The indemnification provided herein shall not
be deemed exclusive of any other rights to which those indemnified
may be entitled, and shall continue as to a person who has ceased
to be an agent and shall inure to the benefit of the heirs,
executors and administrators of such a person.
SECTION 10.2
INSURANCE
This Corporation shall have the power to
purchase and maintain insurance on behalf of any Director,
Officer, or agent of the Corporation, against any liability
asserted against or incurred by the Director, Officer, or agent in
any such capacity or arising out of the Director's, Officer's, or
agent's status as such, whether or not the Corporation would have
the power to indemnify the agent against such liability under
Section 10.1 of these Bylaws; provided, however, that the
Corporation shall have no power to purchase and maintain such
insurance to indemnify any Director, Officer, or agent of the
Corporation for any self-dealing transactions, as described in
Section 5233 of the California Nonprofit Corporation Law.
ARTICLE XI
FISCAL YEAR
The fiscal year of the Corporation shall end on
August 31.
ARTICLE XII
CONSTRUCTION AND DEFINITIONS
Unless the context requires otherwise, the
general provisions, rules of construction, and definitions in the
California Nonprofit Corporation Law shall govern the construction
of these Bylaws.
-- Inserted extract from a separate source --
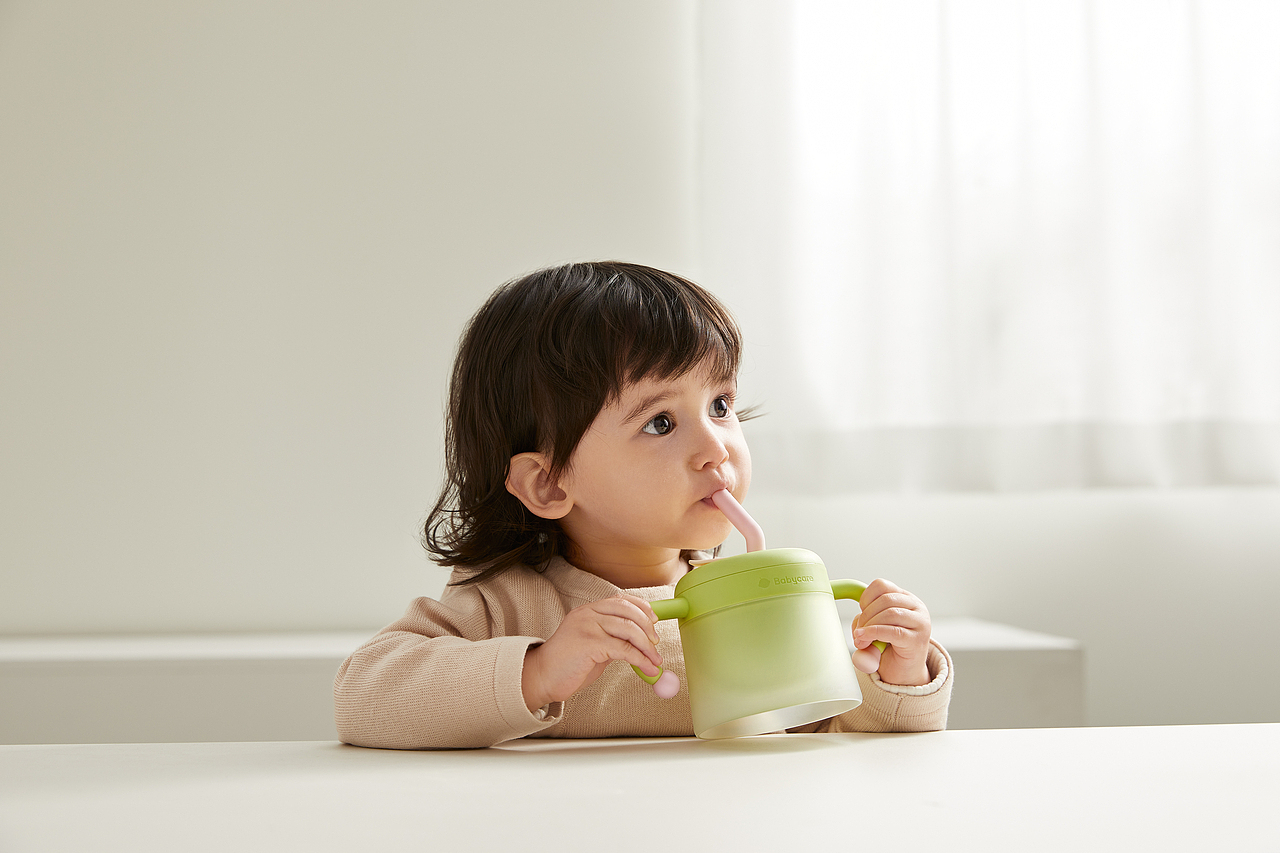 Babycare恒温注水碗 | 每一口都有妈妈掌心的温度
Without limiting the generality of the above, the
masculine gender includes the feminine and neuter, the singular
number includes the plural, and the plural number includes the
singular.
ARTICLE XIII
AMENDMENTS
Bylaws may be adopted, amended, or repealed by
a majority vote of the entire Board of Directors.
CERTIFICATE OF SECRETARY
I, the undersigned, the duly elected Secretary
of the BAY AREA FRIENDS OF ARMENIA, a California corporation, do
hereby certify:
That the foregoing Bylaws consisting of 14
pages, were adopted as the Bylaws of the Corporation by the
Directors of the Corporation on February 13, 1993 and the same do
now constitute the Bylaws of said Corporation.
IN WITNESS WHEREOF, I have hereunto subscribed
my name this 10th day of March 1993.